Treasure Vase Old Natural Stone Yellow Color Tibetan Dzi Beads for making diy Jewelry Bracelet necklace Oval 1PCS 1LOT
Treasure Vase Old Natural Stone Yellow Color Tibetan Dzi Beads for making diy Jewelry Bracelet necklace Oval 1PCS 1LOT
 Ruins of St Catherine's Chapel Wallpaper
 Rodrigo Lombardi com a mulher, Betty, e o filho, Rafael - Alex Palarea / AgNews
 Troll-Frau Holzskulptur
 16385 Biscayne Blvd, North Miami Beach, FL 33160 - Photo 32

**********

-- Instructions for the task --
Transcribe every record above word for word.

-- Response area --
Treasure Vase Old Natural Stone Yellow Color Tibetan Dzi Beads for making diy Jewelry Bracelet necklace Oval 1PCS 1LOT
Treasure Vase Old Natural Stone Yellow Color Tibetan Dzi Beads for making diy Jewelry Bracelet necklace Oval 1PCS 1LOT
 Ruins of St Catherine's Chapel Wallpaper
 Rodrigo Lombardi com a mulher, Betty, e o filho, Rafael - Alex Palarea / AgNews
 Troll-Frau Holzskulptur
 16385 Biscayne Blvd, North Miami Beach, FL 33160 - Photo 32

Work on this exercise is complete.